[Action item] Repeat the lines below exactly as written, please, from the line with "Sanborn Fire Insurance" to the line with "RABIN MONDAL (1929", both lines included, and no others.

[Dataset records]
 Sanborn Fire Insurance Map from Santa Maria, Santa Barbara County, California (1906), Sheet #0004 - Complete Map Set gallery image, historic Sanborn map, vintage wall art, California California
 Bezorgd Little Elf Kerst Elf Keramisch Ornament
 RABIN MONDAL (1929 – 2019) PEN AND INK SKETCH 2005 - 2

---

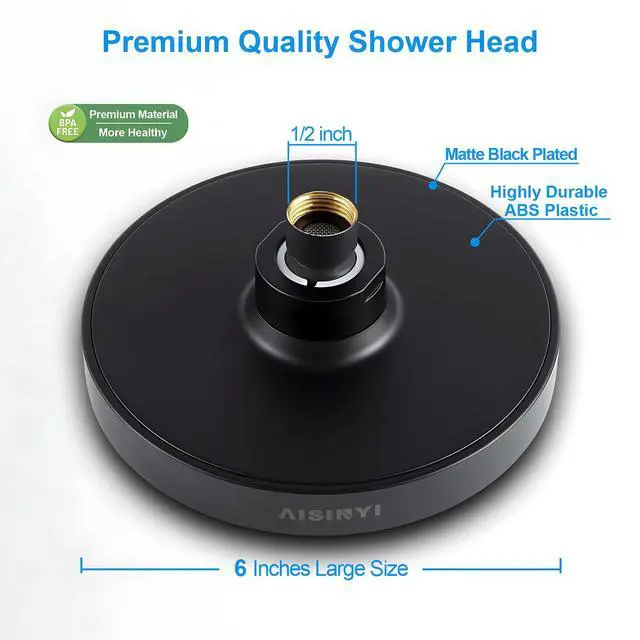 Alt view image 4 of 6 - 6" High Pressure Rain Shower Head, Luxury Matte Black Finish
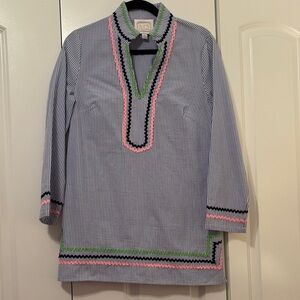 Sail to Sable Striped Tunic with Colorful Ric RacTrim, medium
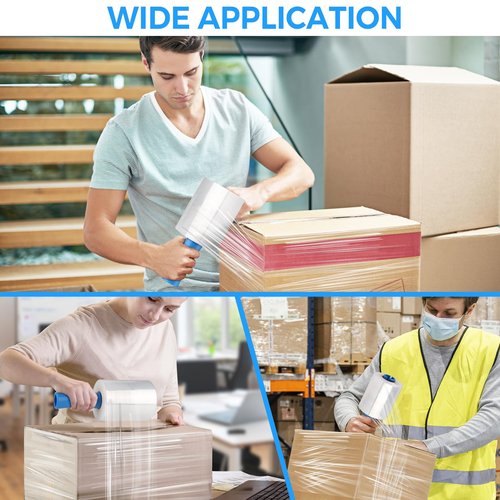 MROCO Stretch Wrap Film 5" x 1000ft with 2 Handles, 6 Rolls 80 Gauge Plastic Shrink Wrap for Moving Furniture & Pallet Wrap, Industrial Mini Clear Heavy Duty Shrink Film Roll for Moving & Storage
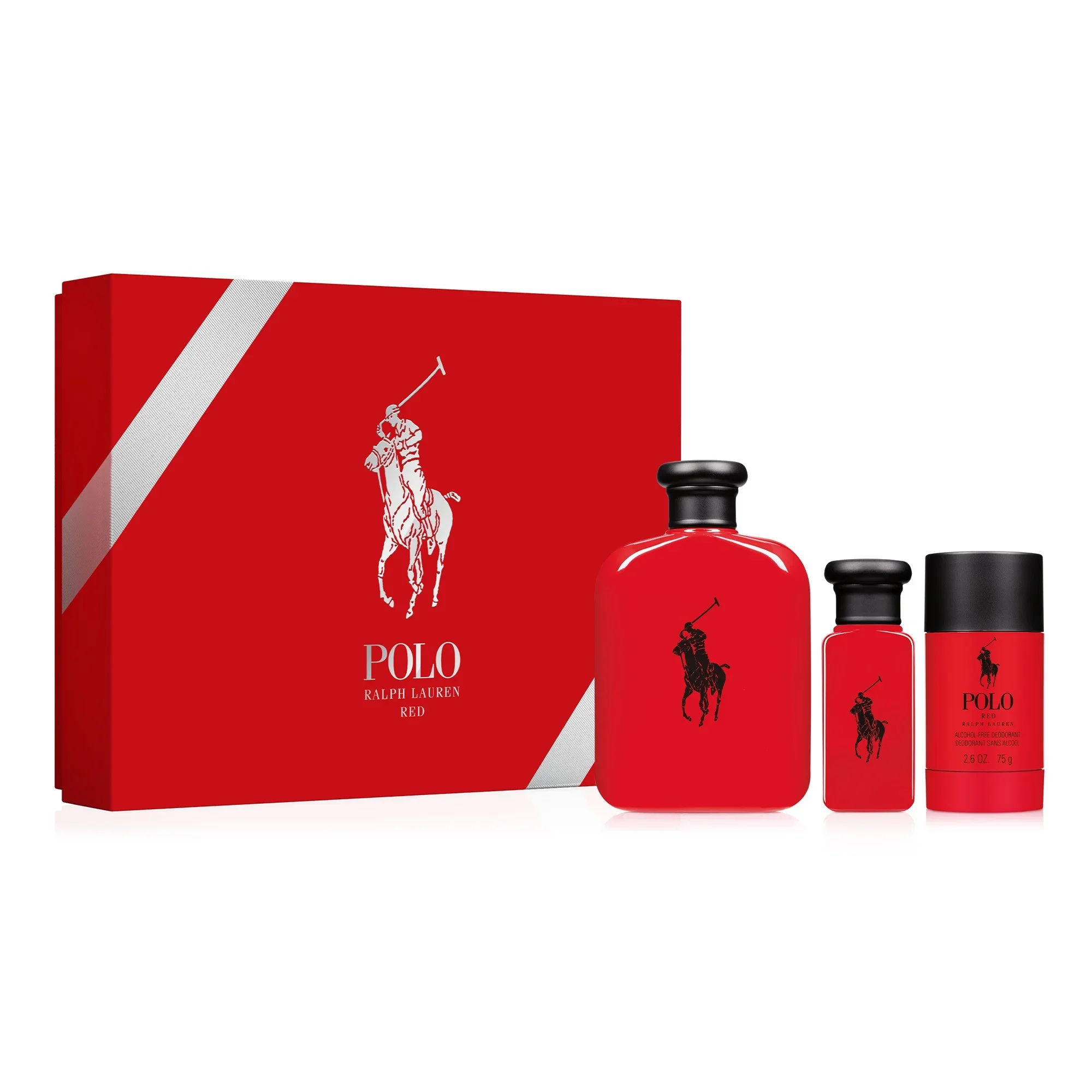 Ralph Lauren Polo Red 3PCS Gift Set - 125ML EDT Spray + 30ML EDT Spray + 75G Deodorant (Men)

==

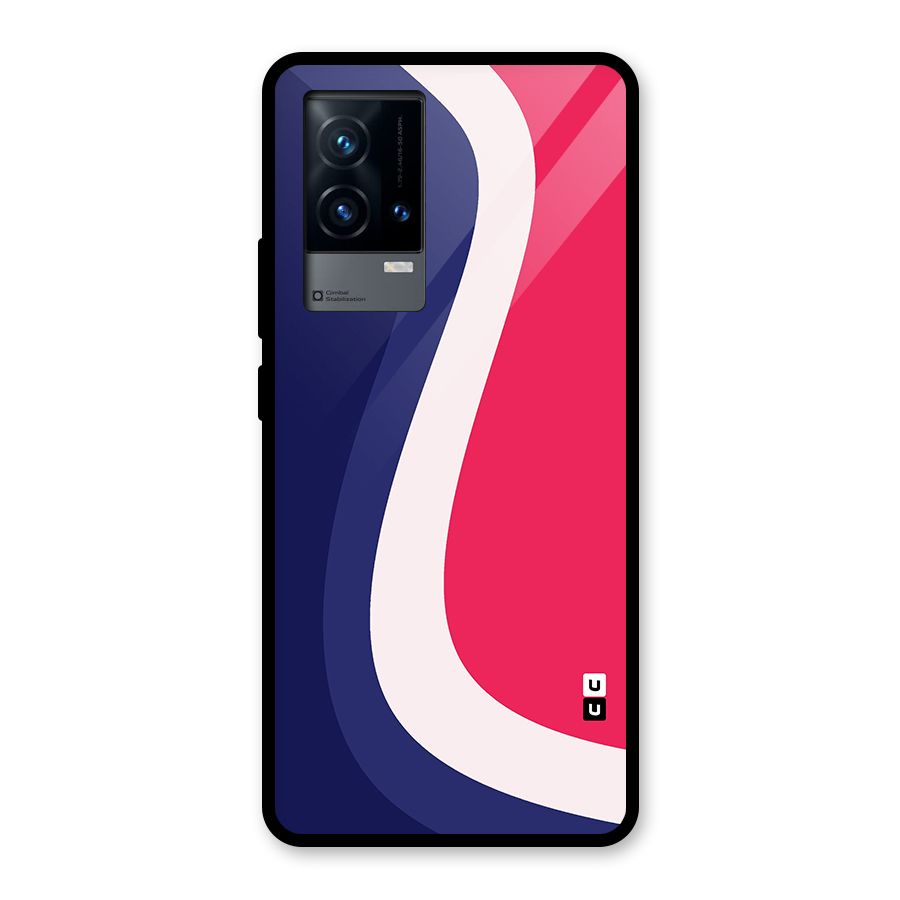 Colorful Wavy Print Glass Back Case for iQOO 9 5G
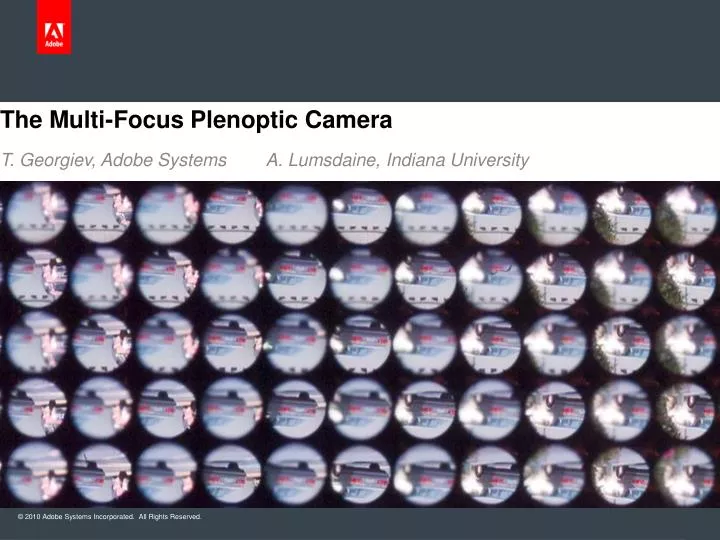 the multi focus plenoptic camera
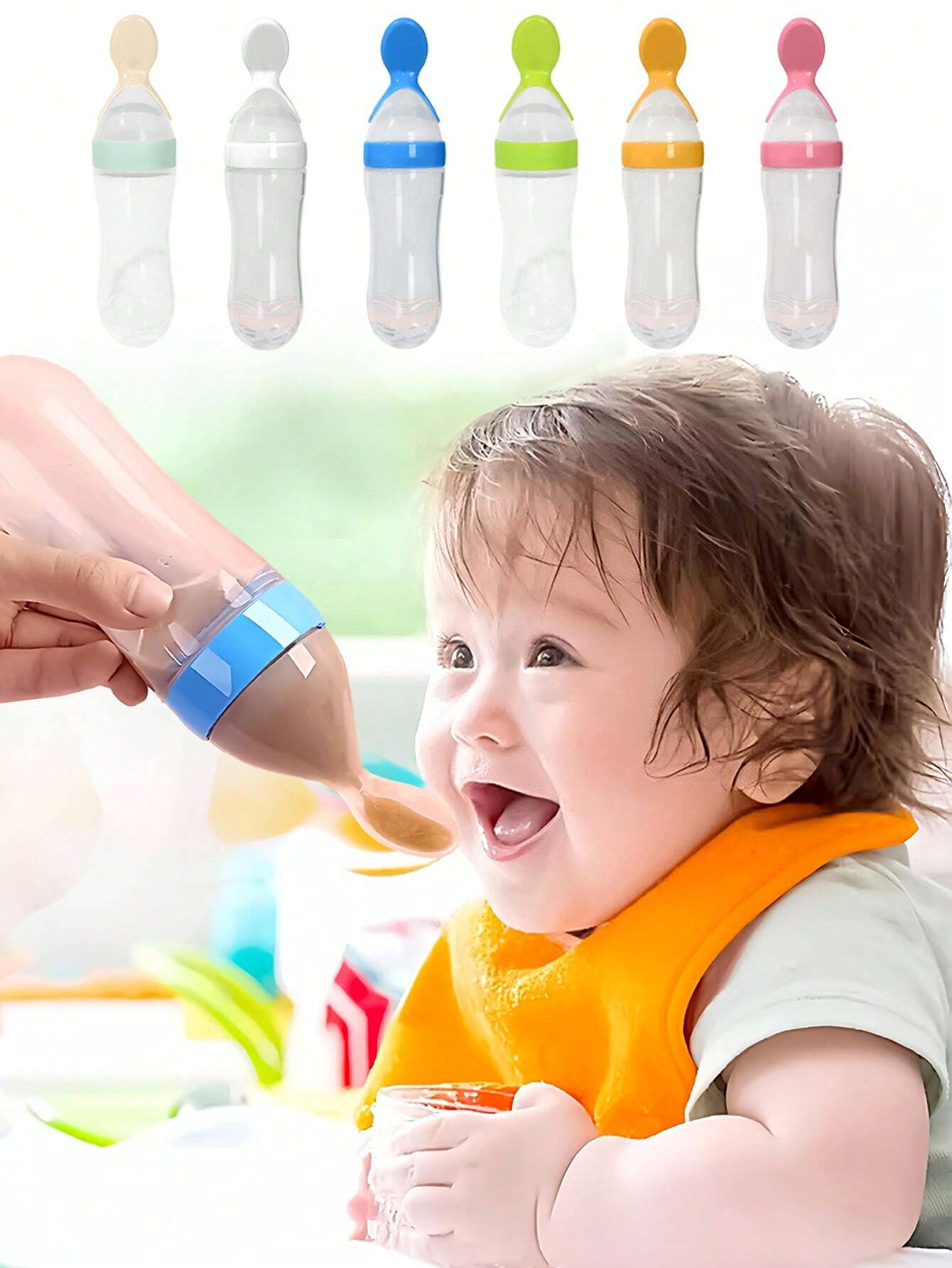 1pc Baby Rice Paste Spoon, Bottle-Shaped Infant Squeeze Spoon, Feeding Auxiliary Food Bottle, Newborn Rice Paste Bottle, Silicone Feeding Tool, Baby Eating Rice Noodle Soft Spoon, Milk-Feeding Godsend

[Completed exercise]
 Sanborn Fire Insurance Map from Santa Maria, Santa Barbara County, California (1906), Sheet #0004 - Complete Map Set gallery image, historic Sanborn map, vintage wall art, California California
 Bezorgd Little Elf Kerst Elf Keramisch Ornament
 RABIN MONDAL (1929 – 2019) PEN AND INK SKETCH 2005 - 2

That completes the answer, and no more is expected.